L'agression sauvage perpétrée lundi contre deux chauffeurs de taxi montréalais dans le quartier Petite-Bourgogne sème la consternation chez les confrères de travail des victimes. L'une d'elles réclame de meilleurs dispositifs de sécurité dans les taxis.

Garés hier matin dans une halte à l'angle de la rue Garnier et de l'avenue du Mont-Royal, quelques chauffeurs de Taxi Diamond étaient ébranlés et indignés par ce qu'ont subi deux de leurs collègues, poignardés durant leur quart de travail.

 

Parmi eux, Frédéric Balin déplorait les violences commises contre ses collègues sans toutefois se montrer surpris. «Je pense que ça va arriver de plus en plus à cause de la situation économique. Les gens croient à tort qu'on a de l'argent dans nos poches», a pesté l'homme de 59 ans, qui sillonne les rues de la ville depuis 15 ans.

Le vol serait d'ailleurs le mobile du crime. Deux suspects ont comparu hier après-midi au palais de justice. Dean Allen, 22 ans, et son frère aîné Dwayne, 27 ans, ont été accusés de tentative de meurtre, de vol qualifié, d'agression armée et de voies de fait et lésions.

Les frères Allen seront de retour devant le tribunal vendredi pour l'enquête sur leur libération provisoire. Un troisième suspect, une femme, est toujours recherché par les policiers.

Quant aux blessés, la première victime, Francisco Milcent, est plongée dans le coma après avoir été poignardée entre autres à la gorge. L'autre blessé, Mario Chérémond, a été poignardé et passé à tabac après être venu prêter main-forte à son confrère. Il a reçu son congé de l'hôpital lundi soir.

Manque de sécurité

Hier, M. Chérémond a vivement dénoncé la vulnérabilité des chauffeurs de taxi montréalais. «Dans les voitures de police, une vitre de sécurité protège les patrouilleurs. Pourquoi n'y en a-t-il pas dans les taxis?» a demandé le Montréalais de 29 ans. Mario Chérémond estime que la Ville de Montréal devrait passer un règlement pour obliger les propriétaires de taxi à équiper leurs voitures d'une telle cloison, comme c'est le cas dans certaines grandes villes américaines.

Pour sa part, Frédéric Balin trouve un peu absurde que les chauffeurs doivent eux-mêmes assurer leur sécurité.

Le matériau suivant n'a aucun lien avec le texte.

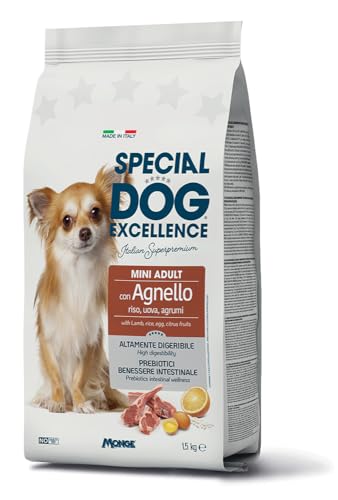 MONGE Cane Special Dog Excellence Mini Adult Con Agnello | alimento secco completo per cani adulti di taglia piccola, altamente digeribile, Made in Italy, monoproteico, 1 confezione da 1,5kg.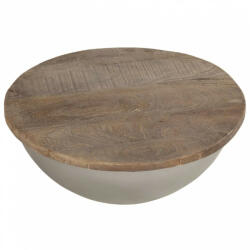 vidaXL Tál alakú tömör mangófa dohányzóasztal ø60 cm (286562) (286562)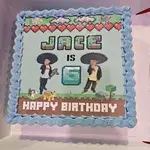 TNP01 Customise Print (Big candles: 1) (Small candles: 6) (Message On Cake: (Short & Sweet): Yes (do write the message in the ordering form, under comments box)) (Size: 9 Inch) (Eggless: No) (Base Color: Blue) (Flavour: Mix Fruits) (Shape: Square)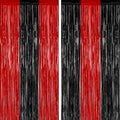 ZATAYE 2 Pack Black Red Halloween Foil Curtain Streamer Decorations | Black Red by ZATAYE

Un code 13 lancé sur les ondes par le répartiteur exhorte les chauffeurs de taxi des environs à voler au secours d'un des leurs.

«Si c'était un policier et non un chauffeur qui était intervenu, les choses auraient peut-être été différentes», explique M. Balin, qui a lui-même été attaqué au couteau il y a quelques années dans la rue Beaubien par un client qui ne voulait pas payer.

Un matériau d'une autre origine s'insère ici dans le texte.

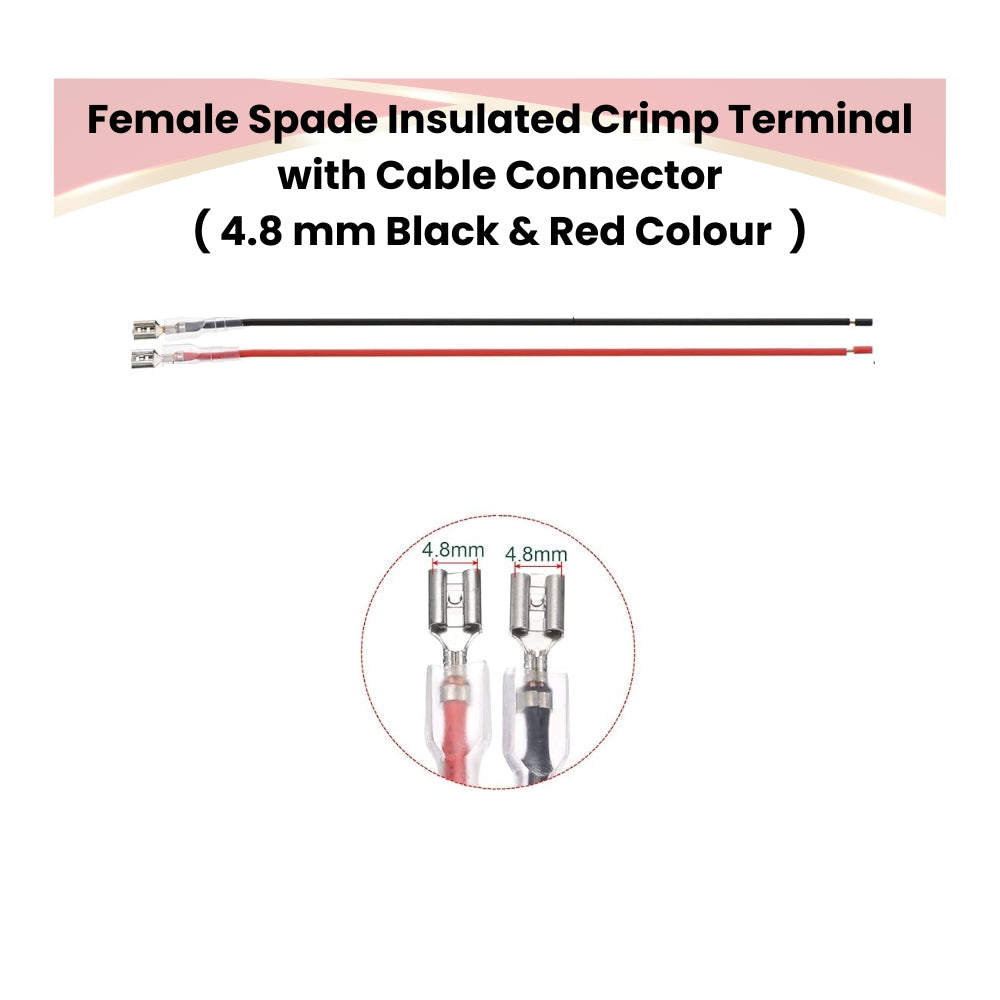 Female Spade Insulated Crimp Terminal with Cable Connector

Son collègue Mirbel Sevère semble étonné que l'incident fasse autant les manchettes. Selon lui, les agressions et vols contre les chauffeurs de taxi sont monnaie courante. «Moi, on me vole tout le temps. La plupart du temps, ce sont des femmes et des jeunes. Ils débarquent à un feu de circulation sans payer», déplore l'homme qui conduit un taxi depuis 22 ans. Contrairement à M. Balin, il encourage le recours au code 13 et fait peu confiance aux autorités. «Si on arrive en premier, on va tabasser ces gars-là. Les policiers ne feront rien et nous traitent en plus comme si on vendait de la drogue», plaide-t-il.

Même son de cloche chez Stéphane Exantis, qui apprécierait un meilleur soutien des autorités. «Je laisse très souvent partir des clients sans payer. Ils n'ont pas d'argent ou se montrent agressifs», souligne-t-il.

Diminution des agressions

Préoccupé par les récentes violences, le Bureau du taxi de Montréal affirme néanmoins observer une diminution du nombre d'agressions contre les chauffeurs, passé de 68 en 2007 à 39 l'année suivante.

Le sujet de la sécurité à bord des véhicules sera au menu d'une réunion de la table de concertation de l'industrie du taxi, prévue dans une dizaine de jours. L'érection de cloisons entre le chauffeur et les passagers et l'installation de caméras dans les voitures seront évaluées.